18.2 Aya
- Alors sors, m'ordonne Siskann en me poussant presque à l'extérieur de la maison, dans le froid glacial et la neige.
Je m'étire rapidement et file à l'extérieur pour commencer ma course en priant de pouvoir y revenir en vie.
Pendant que les deux autres sont biens au chaud, moi je me tape la tempête.
Sur une rapide foulée, je m'éloigne de la demeure et entre dans la forêt qui nous entoure. Le chemin est tout tracé, me guidant à travers les arbres blancs de neiges et la terre boueuse. Le terrain de course me fait tourner en rond autour de la maison, mais bien assez longtemps pour me faire rentrer en agonisant.
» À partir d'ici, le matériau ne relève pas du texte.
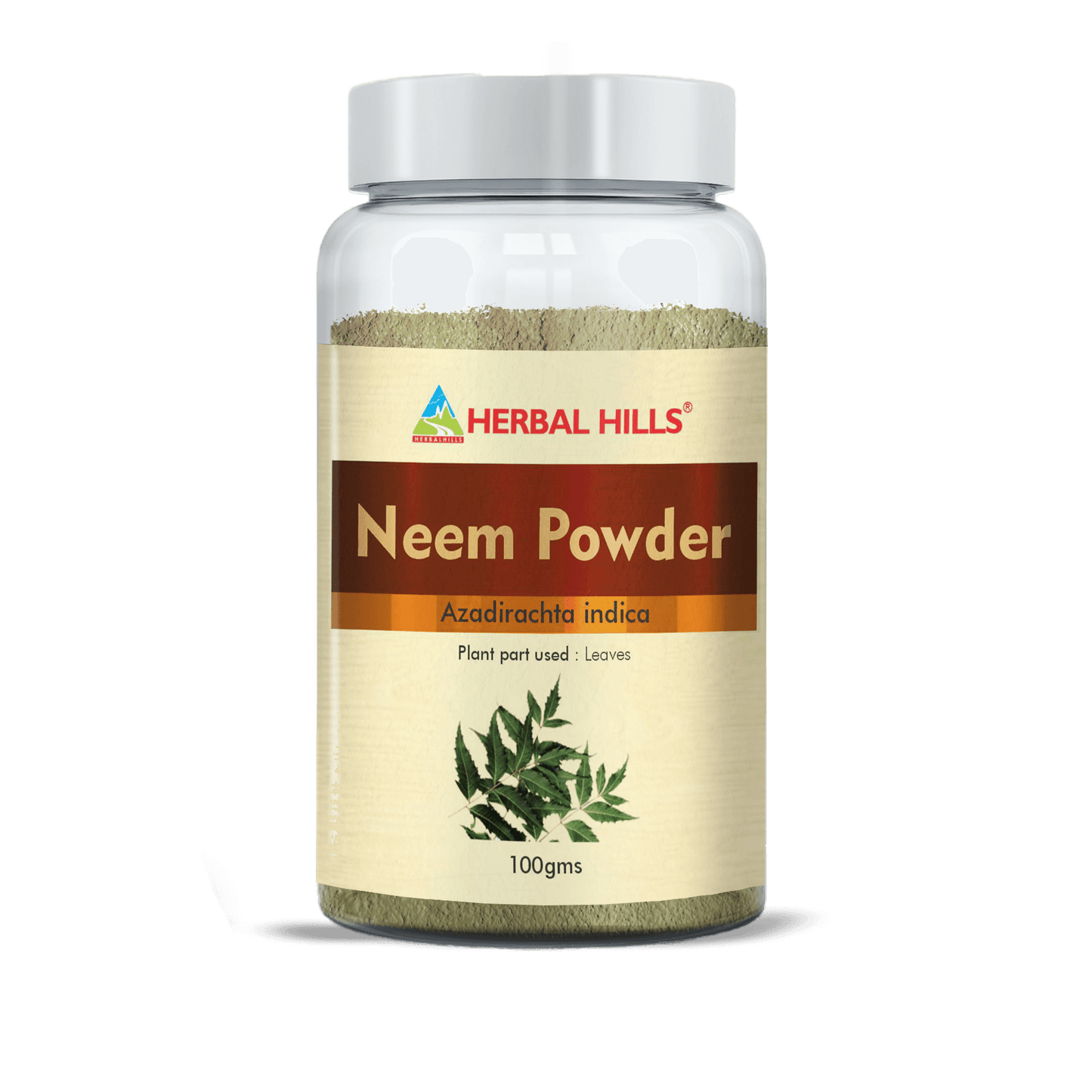 Herbal Hills Ayurveda Neem Powder | Swadesiicart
La pluie glaciale me coule dans la nuque et me fait frissonner à chaque fois que j'ai le malheur de pivoter mon buste. Mes cheveux se sont miraculeusement aplatis, m'allégeant mais me refroidissant aussi au passage. Mes vêtements, je ne préfère même pas y faire attention, ils dégoulinent d'eau, ils en sont même imbibés. Je flotte.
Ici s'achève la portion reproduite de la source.